Keywords: Erectile dysfunction, High-intensity focused ultrasound ablation, Prostatic neoplasms, Quality of life, Treatment outcome, Urinary incontinence
1. Introduction
Prostate cancer is the most common nonskin cancer in Australian men and the third commonest cause of cancer-related death1. Conventional curative treatment for localized prostate cancer includes radical prostatectomy (open, laparoscopic, or robot-assisted) and radiotherapy (external beam radiotherapy or brachytherapy)2,3. Both these treatment options achieve good oncological outcomes for the patient, with potential side effects that adversely impact patient's quality of life (QoL)4.
Whole-gland high-intensity focused ultrasound (HIFU) is a minimally invasive treatment option for localized prostate cancer. Targeted coagulative necrosis minimizes injury to adjacent structures including the external urethral sphincter, neurovascular bundles, and rectal wall5. As a newer technology, there is currently limited data published on the treatment outcomes of HIFU compared with radical prostatectomy and radiotherapy6. However, there is increasing evidence to support HIFU as a clinically effective treatment with reduced adverse event rates5,7,8. HIFU is an available treatment option for localized prostate cancer around the world including Australia, Europe, United Kingdom, North America, South Korea, and Japan8,9. In Australia, HIFU is Therapeutic Goods Administration approved for prostate ablation. It has also been approved by the Food and Drug Administration in the United States for prostate tissue ablation and covered by an insurance company for salvage treatment after radiotherapy for prostate cancer10, 11, 12. This study adds to the existing literature on oncological and functional outcomes of whole-gland HIFU. This is the largest Australasian study on whole-gland HIFU and has the longest follow-up.
2. Subjects and methods
All men undergoing HIFU for treatment of localized prostate cancer, at a private urology practice in Melbourne, Australia, were invited to volunteer for this prospective study. Participants were recruited over eight years, from 2007 to 2015. Whole-gland transrectal HIFU procedures were performed by a single experienced urologist.
Transrectal prostate ablation was performed under general anesthesia with Sonablate-500® (SonaCare Medical©) HIFU with Sonachill® (SonaCare Medical©) rectal cooling device (Fig. 1). A preliminary cystoscopy with transurethral resection of median lobe of prostate and/or bladder neck was performed immediately before HIFU ablation13. Transrectal probe is positioned manually to image the prostate for treatment planning in both axial and sagittal planes. The treatment plan would routinely exclude the external urinary sphincter and neurovascular bundles, with careful exclusion of the rectal wall. The prostate was ablated using three overlapping treatment sectors, with each treatment ablation zone (skittle) measuring 18 × 3 mm (Fig. 2). Each ablative cycle includes 3 seconds of ablation followed by 6 seconds off for reimaging, relocation, and cooling. The power settings were manually adjusted according to the distance from the energy source and tissue reaction as seen with ultrasound imaging. This technique minimizes overheating and cavitation of the tissue, which we believe leads to unpredictable ablation. At the completion of treatment, an 18Fr two-way Foley catheter was inserted for 3 to 4 days with outpatient trial of void. Oral antibiotics were prescribed for two weeks after ablation. Patients were discharged from the hospital the morning after treatment.
Fig. 1.
Operative photos of high intensity focused ultrasound equipments. (A) Sonablate-500® (Sonacare Medical©, Charlotte, North Carolina, USA). (B) Sonachill® rectal cooling device (Sonacare Medical©, Charlotte, North Carolina, USA).
Fig. 2.
Sonablate-500® (Sonacare Medical©, Charlotte, North Carolina, USA) user interface system.

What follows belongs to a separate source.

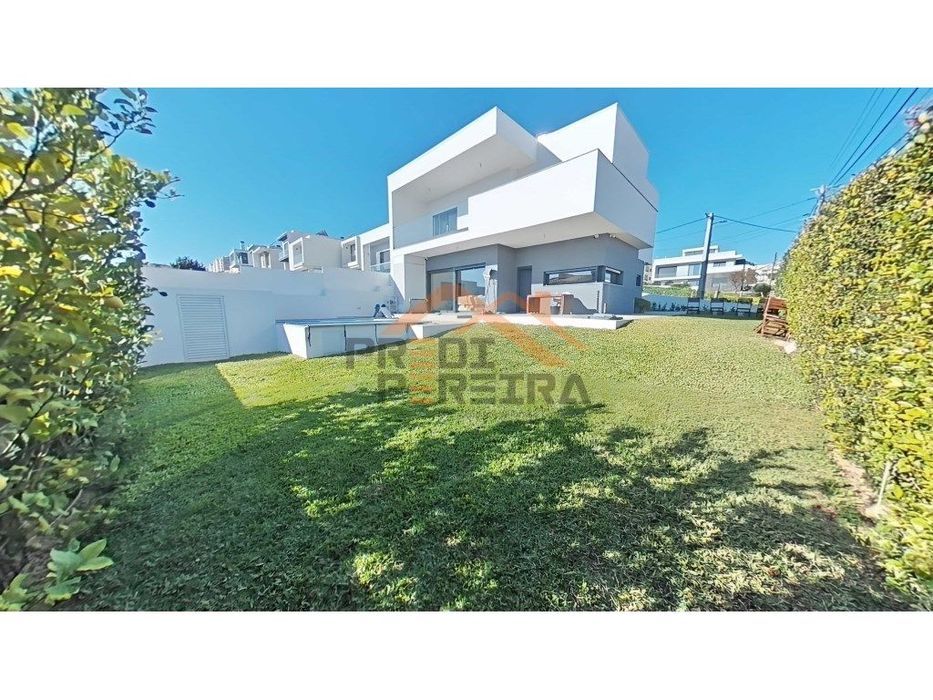 Moradia T3 +1, localizada no prestigiado bairro das Granjas Novas, ...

Patients were followed up with prostate-specific antigen (PSA) tests after HIFU treatment. This was performed at every routine follow-up consultation starting at 6 weeks after treatment then at 3, 6, 9, 12, 18, and 24 months then annually thereafter. The role of post-HIFU biopsy was limited to men with PSA >1 and rising, who were deemed to be suitable for further curative treatment such as salvage radical prostatectomy or radiotherapy. Patients with PSA recurrence more suitable for watchful waiting were imaged with staging computed tomography and whole body bone scan with view of starting androgen deprivation therapy if metastatic disease was found.
Study data were collated by a professional medical data manager. Demographic data, baseline disease, and QoL characteristics were collected before commencement of HIFU treatment. Survival and QoL outcomes were serially evaluated at routine follow-up consultations until the conclusion of the study period.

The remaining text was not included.